Almanya Avrupa Birliği'nin Türkiye ile olan ilişkilerine baktığında Türkiye'yi elbette yatırım yapmaya değer önemli bir pazar olarak görmeye devam ediyor. Ancak Türkiye'nin AB üyeliği ile ilgili sürecin sadece bir pazar olma özelliği ve çekiciliği üzerine kurgulanamayacağını savunuyor. Almanya, AB'nin değerler bütünü açısından baktığında, Türkiye'de temel hak ve özgürlükler, hukuk devleti ve adalet konularında gözle görülür bir gerileme olduğu düşüncesinde. Bu da Türkiye ile Almanya arasındaki gerginliğin en temel nedenlerinden biri olarak öne çıkıyor. Bu sıkıntının aşılmasının da Siemens'in rüzgar enerjisi ihalesini kazanmasıyla giderilemeyeceğini görmek gerekiyor.
Almanya Dışişleri Bakanı Sigmar Gabriel, AB'nin Dış İlişkilerden sorumlu yüksek temsilcisi Federica Mogherini'ye gönderdiği bir mektupta AB'nin Türkiye'ye vermekte olduğu yardım fonlarının kesilmesini talep etti. Gabriel, mektubunda Türkiye'nin 2016 yılında karşı karşıya kaldığı darbe teşebbüsünden sonra Avrupa değerlerine bağlılığına gölge düşüren gelişmeler yaşadığını, tartışmalı bir referandum süreci geçirdiğini ve idam cezasını yeniden kabul etme ihtimali olduğunu dile getirdi. Bu gelişmelerin Avrupa değerleriyle ciddi bir çelişki oluşturduğunu belirten Gabriel, mektubunda Türkiye'nin bu gidişatına net bir yanıt verilmesi gerektiğinin altını çizdi.

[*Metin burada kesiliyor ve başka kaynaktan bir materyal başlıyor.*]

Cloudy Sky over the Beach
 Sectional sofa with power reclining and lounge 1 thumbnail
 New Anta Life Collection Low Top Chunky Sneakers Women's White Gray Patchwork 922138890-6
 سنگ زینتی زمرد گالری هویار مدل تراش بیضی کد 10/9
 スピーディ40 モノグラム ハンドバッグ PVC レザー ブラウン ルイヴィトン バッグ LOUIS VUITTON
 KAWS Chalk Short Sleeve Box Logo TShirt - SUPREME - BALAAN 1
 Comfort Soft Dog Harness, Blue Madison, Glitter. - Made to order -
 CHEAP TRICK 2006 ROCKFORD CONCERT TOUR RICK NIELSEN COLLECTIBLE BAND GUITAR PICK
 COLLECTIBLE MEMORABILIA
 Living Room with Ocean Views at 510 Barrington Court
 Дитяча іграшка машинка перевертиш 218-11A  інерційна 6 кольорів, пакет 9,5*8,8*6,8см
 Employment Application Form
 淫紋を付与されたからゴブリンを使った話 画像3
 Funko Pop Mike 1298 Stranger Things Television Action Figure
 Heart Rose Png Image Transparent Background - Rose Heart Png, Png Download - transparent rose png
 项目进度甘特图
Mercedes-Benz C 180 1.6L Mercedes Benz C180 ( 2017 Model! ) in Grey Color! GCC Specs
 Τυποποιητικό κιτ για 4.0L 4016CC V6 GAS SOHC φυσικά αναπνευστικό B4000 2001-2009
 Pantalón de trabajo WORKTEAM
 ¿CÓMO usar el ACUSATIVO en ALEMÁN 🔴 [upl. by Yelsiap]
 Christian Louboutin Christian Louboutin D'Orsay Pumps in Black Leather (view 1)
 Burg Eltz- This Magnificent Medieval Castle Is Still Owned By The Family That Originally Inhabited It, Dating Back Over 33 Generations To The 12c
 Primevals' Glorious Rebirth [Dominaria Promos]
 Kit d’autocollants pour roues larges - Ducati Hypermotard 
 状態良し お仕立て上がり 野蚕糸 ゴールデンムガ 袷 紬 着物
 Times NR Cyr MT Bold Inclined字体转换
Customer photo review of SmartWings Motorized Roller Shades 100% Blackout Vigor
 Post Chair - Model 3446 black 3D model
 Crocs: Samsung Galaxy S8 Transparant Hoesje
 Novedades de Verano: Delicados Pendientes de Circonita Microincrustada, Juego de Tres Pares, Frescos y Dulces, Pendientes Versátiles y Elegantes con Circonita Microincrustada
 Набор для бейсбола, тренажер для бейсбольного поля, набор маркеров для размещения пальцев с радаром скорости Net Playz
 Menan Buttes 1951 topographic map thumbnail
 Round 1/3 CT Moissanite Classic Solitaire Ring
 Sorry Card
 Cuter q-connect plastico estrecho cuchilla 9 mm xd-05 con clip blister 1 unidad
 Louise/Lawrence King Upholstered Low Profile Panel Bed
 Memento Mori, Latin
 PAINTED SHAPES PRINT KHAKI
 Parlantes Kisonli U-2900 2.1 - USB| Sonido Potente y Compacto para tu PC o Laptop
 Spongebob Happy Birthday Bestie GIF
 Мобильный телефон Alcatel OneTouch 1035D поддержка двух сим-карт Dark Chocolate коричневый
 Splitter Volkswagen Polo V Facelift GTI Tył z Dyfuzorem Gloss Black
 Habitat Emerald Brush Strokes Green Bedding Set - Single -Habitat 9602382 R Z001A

Gabriel bu argümanlardan hareketle, Türkiye'ye 2014-2016 yılları arasında verilmesi öngörülen üyelik öncesi yardımın sadece Türkiye'de demokrasi ve hukuk devleti uygulamalarını güçlendirmek üzere tahsis edilmesini önerdi. Ayrıca bu yardımın Türkiye'de sivil toplumun yararına olacak şekilde verilmesinin güvence altına alınmasını istedi. Gabriel Avrupa Yatırım Bankası'nın da Türkiye ile yeni bir iş ilişkisi içine girmemesi önerisini mektubundaki görüşlerine ekledi. Gabriel'in mektubundaki görüşler Almanya'nın önde gelen tüm siyasi partilerinin liderleri tarafından destekleniyor.
Siemens Türkiye'de rüzgar enerjisinin elektrik üretimindeki payını güçlendirecek. Ancak Almanya'dan esen enerji rüzgarının Türkiye'nin AB yelkenini şişirmeye yetmeyeceği anlaşılıyor.